→ **WORK TASK**
Copy the data exactly; pictures stay out of the copy.

[Brief descriptive captions]
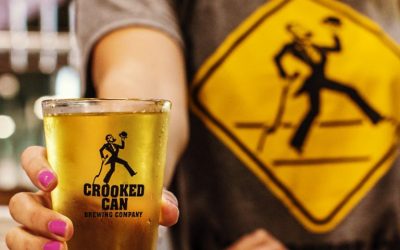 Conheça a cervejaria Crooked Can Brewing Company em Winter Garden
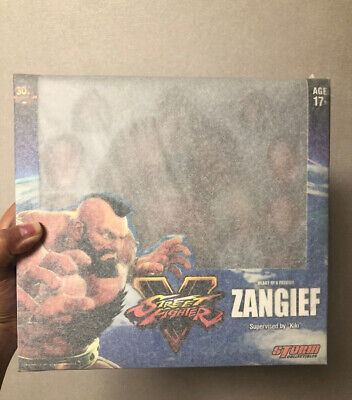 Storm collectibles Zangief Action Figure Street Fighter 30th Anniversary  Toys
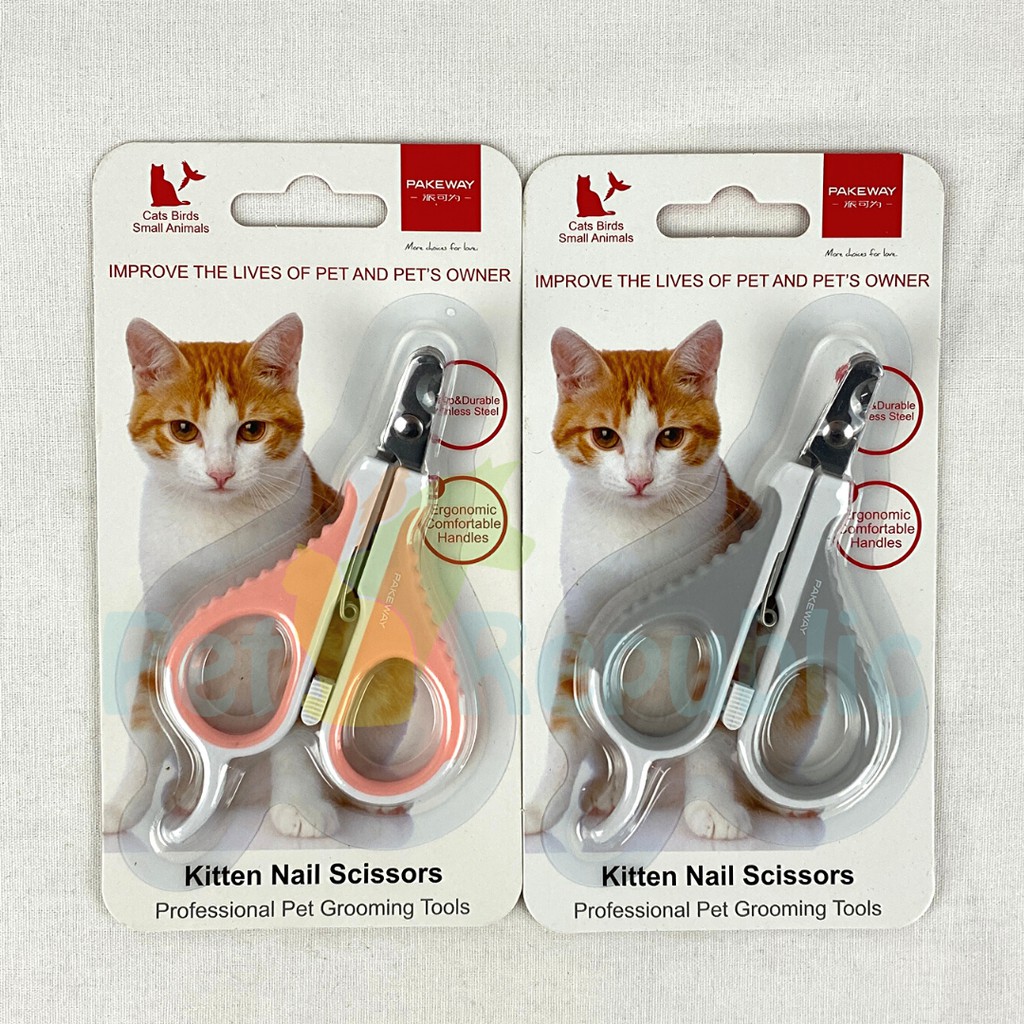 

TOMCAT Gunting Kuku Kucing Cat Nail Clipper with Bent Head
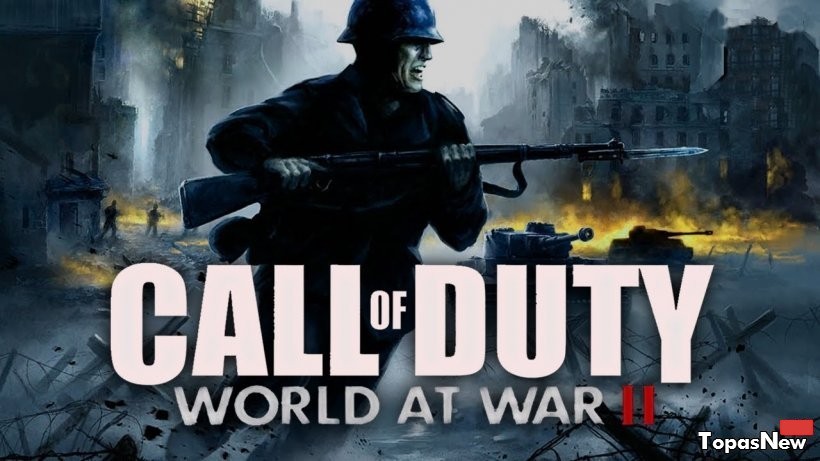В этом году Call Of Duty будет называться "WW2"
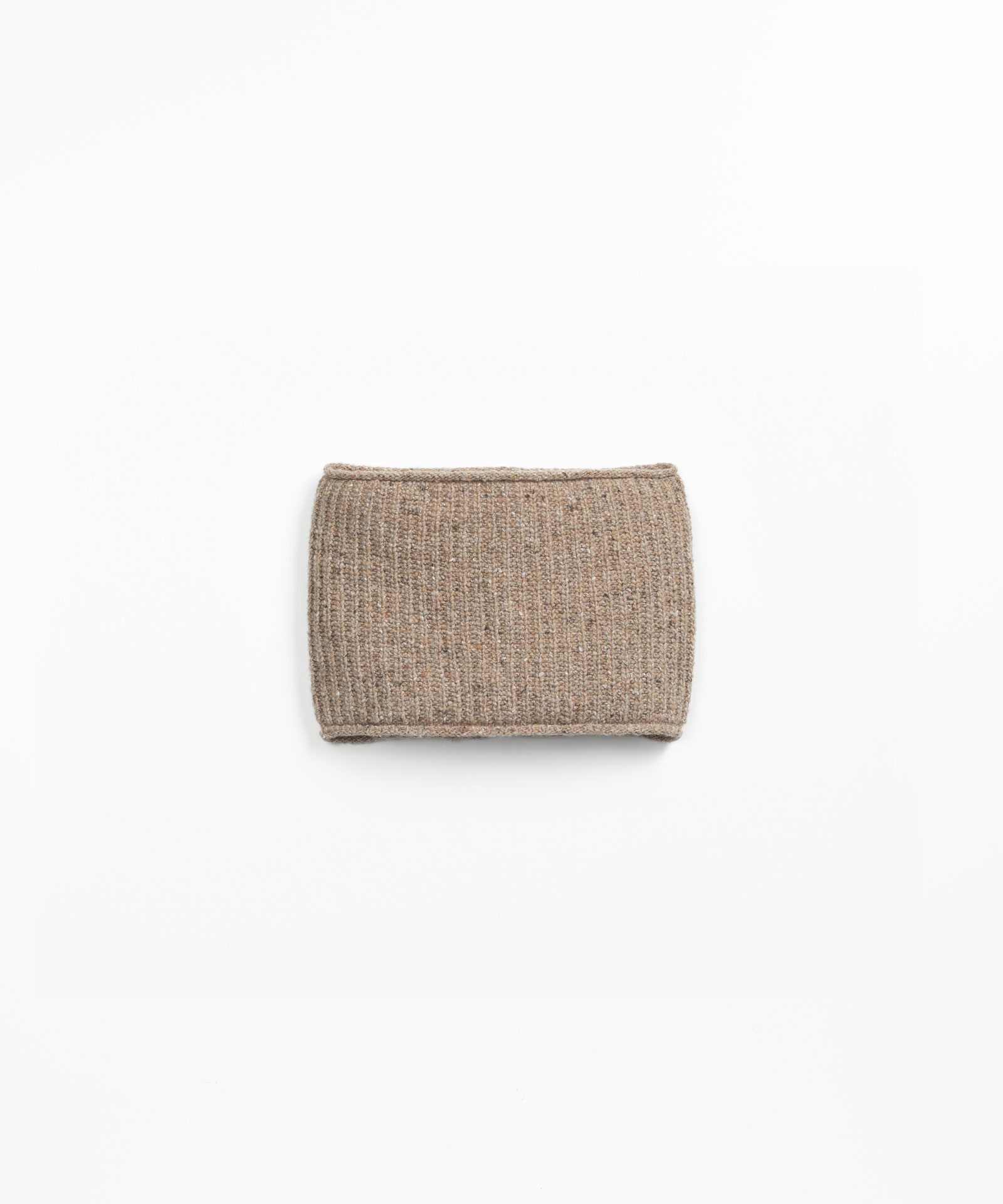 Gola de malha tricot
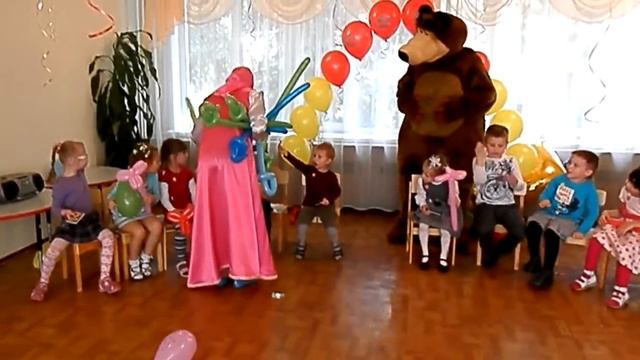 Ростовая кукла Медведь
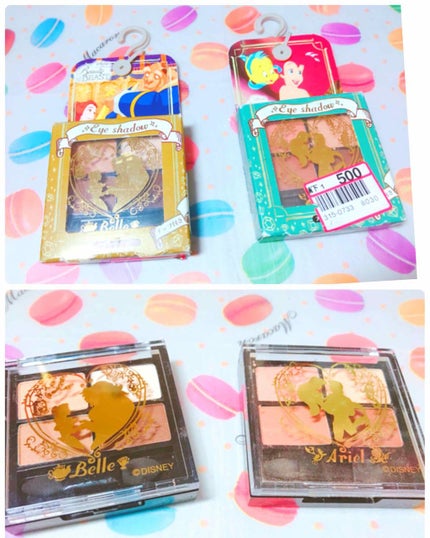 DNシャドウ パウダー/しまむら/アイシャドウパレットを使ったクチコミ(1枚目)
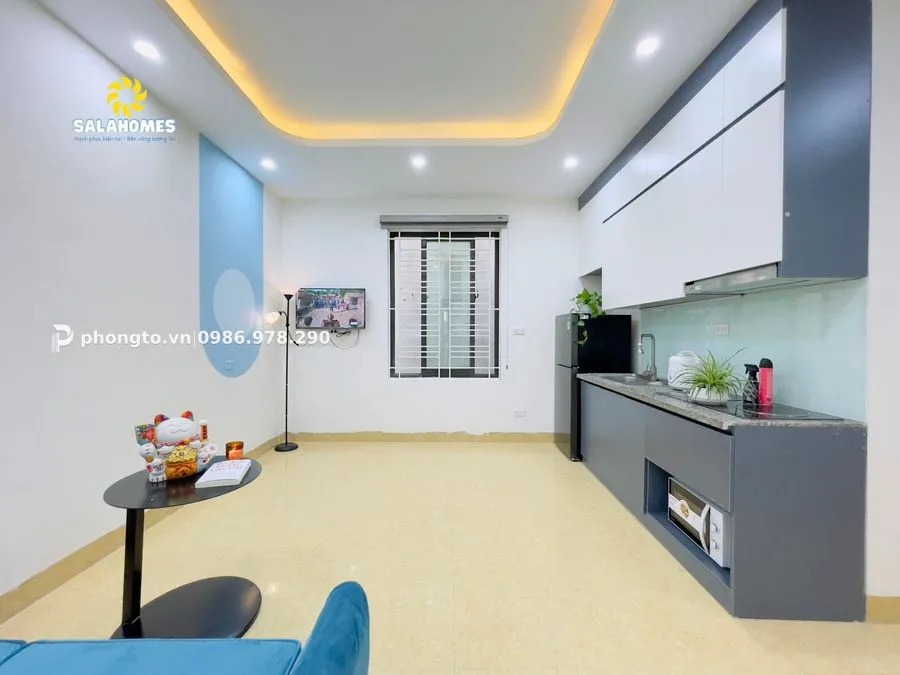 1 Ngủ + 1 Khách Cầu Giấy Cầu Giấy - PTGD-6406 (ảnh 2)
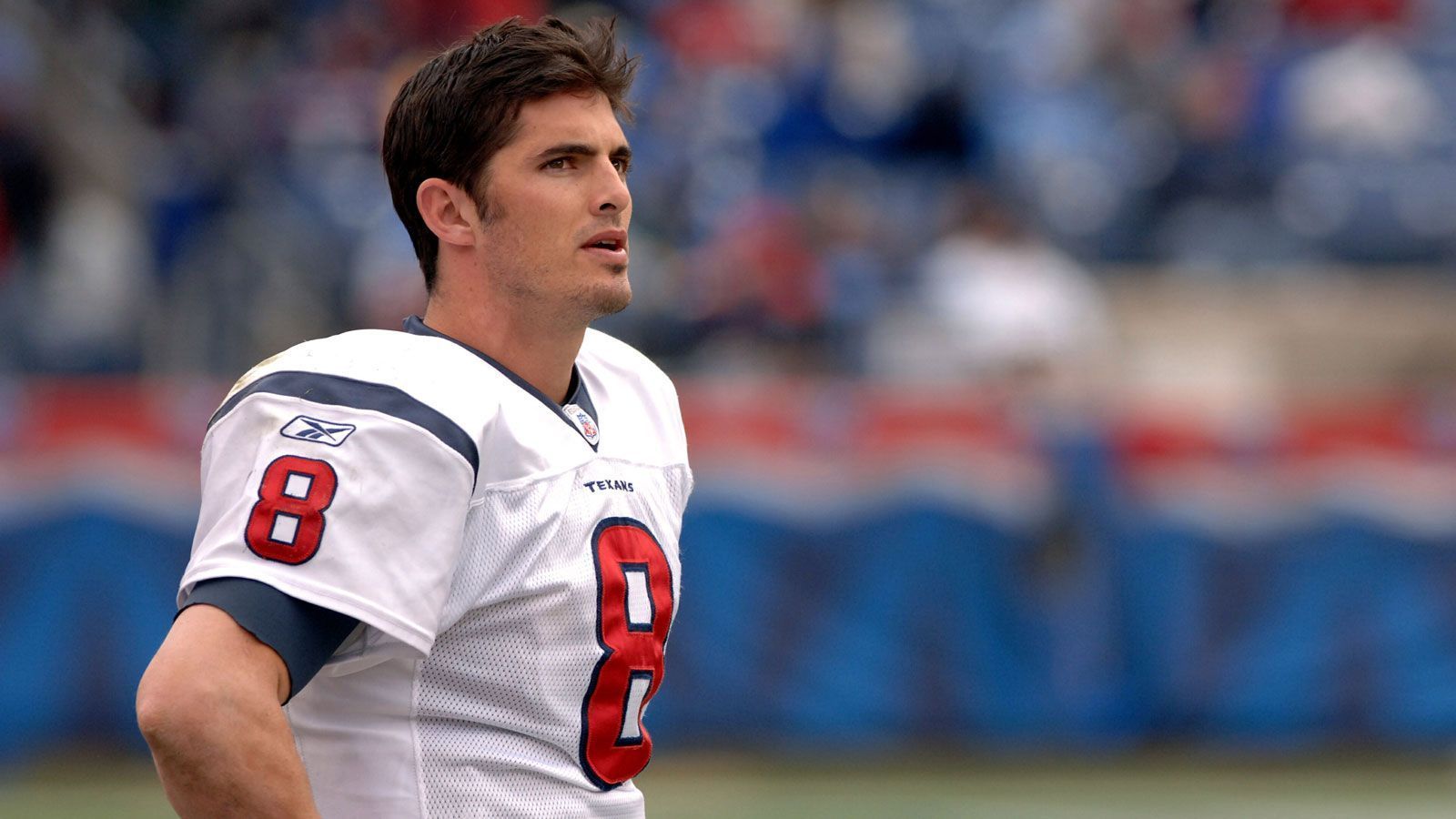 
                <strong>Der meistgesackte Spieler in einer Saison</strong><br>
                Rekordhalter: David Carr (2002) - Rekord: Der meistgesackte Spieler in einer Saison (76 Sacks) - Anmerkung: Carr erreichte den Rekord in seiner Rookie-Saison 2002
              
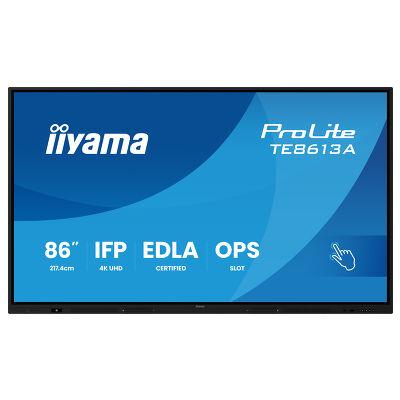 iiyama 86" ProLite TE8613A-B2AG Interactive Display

→ **WRITTEN REPLY**
 Conheça a cervejaria Crooked Can Brewing Company em Winter Garden
 Storm collectibles Zangief Action Figure Street Fighter 30th Anniversary  Toys

TOMCAT Gunting Kuku Kucing Cat Nail Clipper with Bent Head
В этом году Call Of Duty будет называться "WW2"
 Gola de malha tricot
 Ростовая кукла Медведь
 DNシャドウ パウダー/しまむら/アイシャドウパレットを使ったクチコミ(1枚目)
 1 Ngủ + 1 Khách Cầu Giấy Cầu Giấy - PTGD-6406 (ảnh 2)
                <strong>Der meistgesackte Spieler in einer Saison</strong><br>
                Rekordhalter: David Carr (2002) - Rekord: Der meistgesackte Spieler in einer Saison (76 Sacks) - Anmerkung: Carr erreichte den Rekord in seiner Rookie-Saison 2002
              
 iiyama 86" ProLite TE8613A-B2AG Interactive Display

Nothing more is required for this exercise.